Di fronte a tali dolorose realtà, la società si mostra spesso impari ad offrire un valido aiuto, o persino colpevolmente indifferente. I bisogni spirituali e psicologici di chi ha subito gli effetti di un conflitto armato sono urgenti e gravi quanto la necessità di cibo o di un tetto. Occorrerebbero specifiche strutture predisposte per svolgere un’azione di sostegno verso le famiglie colpite da improvvise e laceranti sventure, così che, nonostante tutto, esse non cedano alla tentazione dello scoraggiamento e della vendetta, ma siano capaci di ispirare i loro comportamenti al perdono ed alla riconciliazione. Quanto spesso, purtroppo, di tutto ciò non v’è alcuna traccia!
4. Non si deve poi dimenticare che la guerra e la violenza non costituiscono soltanto forze disgregatrici atte ad indebolire e distruggere le strutture familiari; esse esercitano anche un influsso nefasto sugli animi, giungendo a proporre e quasi ad imporre modelli di comportamento diametralmente opposti alla pace.

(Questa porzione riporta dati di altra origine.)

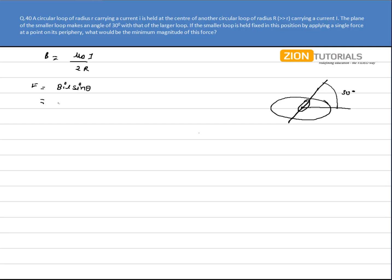So substituting the values I have μ₀ capital I by 2R into small i into length equal to 2πr into sine of theta, sine of 30, that is one by two.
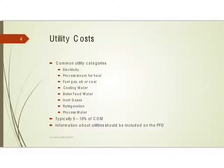You should be able to get information about this from the process flow diagram. The PFD should include information about what utilities are needed. When you look at the design portion of the course, you will have calculated those and they should, again, be listed on the diagram.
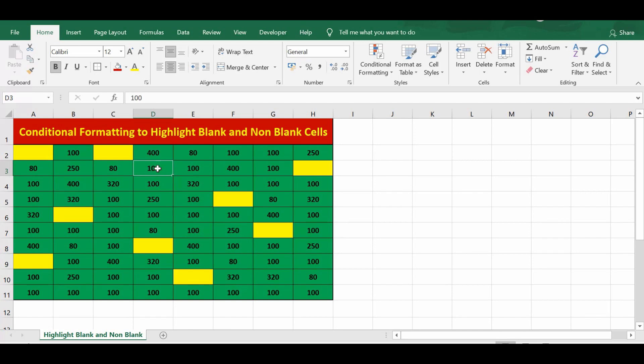So this is how we can utilize conditional formatting to highlight blanks and non-blanks in any given range. I hope this tutorial is helpful. If you have any questions around this topic, you can let me know. Thanks for watching.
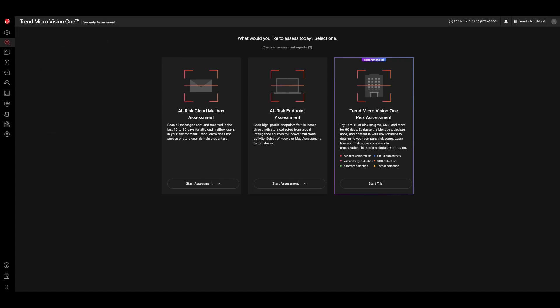Stop guessing and gain greater peace of mind today. Sign up for the Trend Micro Security Assessment Service to see more and respond faster.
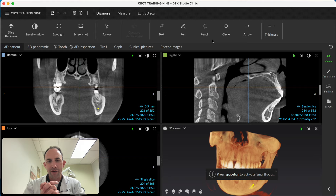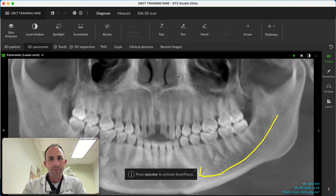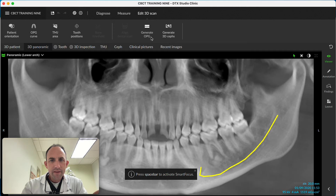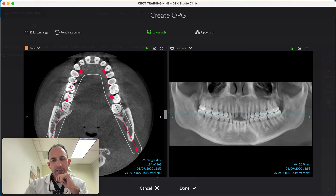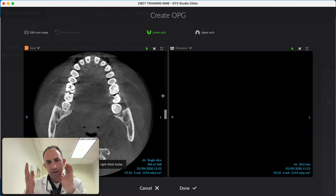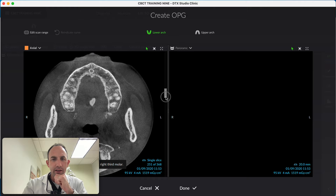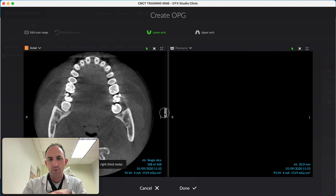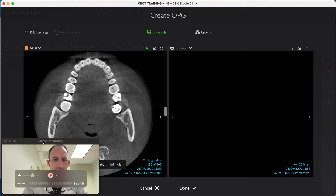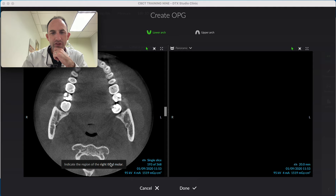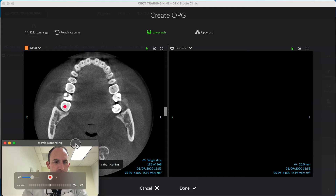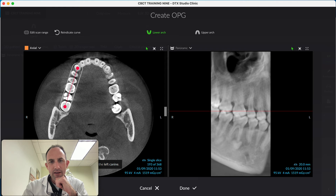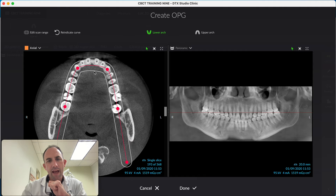Let's walk through creating a 3D panoramic. You can see the panoramic right here. When you get to 3D Pan, you click on it and see this screen. You can scroll up and down through the 3D pan and pick what works best for you. It's asking me to indicate the region of the right third molar — I'm going to click once on the right third molar. Now indicate the right canine, then the left canine, and then the third molar again.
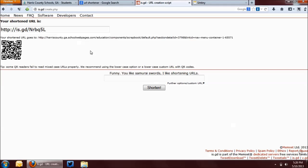One thing to keep in mind, and this is true of is.gd - I'm not sure if it's true of all the other URL shorteners - but this URL is case sensitive. So if you were to type this into your web browser, but you typed a lowercase n instead of a capital N here, it's not going to take you to the webpage that you want to go to. But there is a way to fix that.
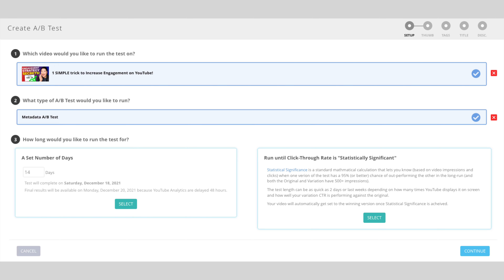The way that this works is we will trade out your thumbnail every 24 hours for either one of two scenarios. One is going to be for a specific amount of time and we'll flip flop it back and forth and then report back to you what that data looks like.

A questo proposito, occorre denunciare un dato ben triste: oggi purtroppo ragazzi e ragazze, e persino bambini, prendono effettivamente parte, in numero crescente, a conflitti armati. Sono costretti ad arruolarsi nelle milizie armate e debbono combattere per cause che non sempre comprendono. In altri casi, vengono coinvolti in una vera e propria cultura della violenza, secondo la quale la vita conta ben poco ed uccidere non sembra immorale. È nell’interesse di tutta la società far sì che questi giovani rinuncino alla violenza e s’incamminino sulla via della pace, ma questo presuppone una paziente educazione condotta da persone che alla pace credano sinceramente.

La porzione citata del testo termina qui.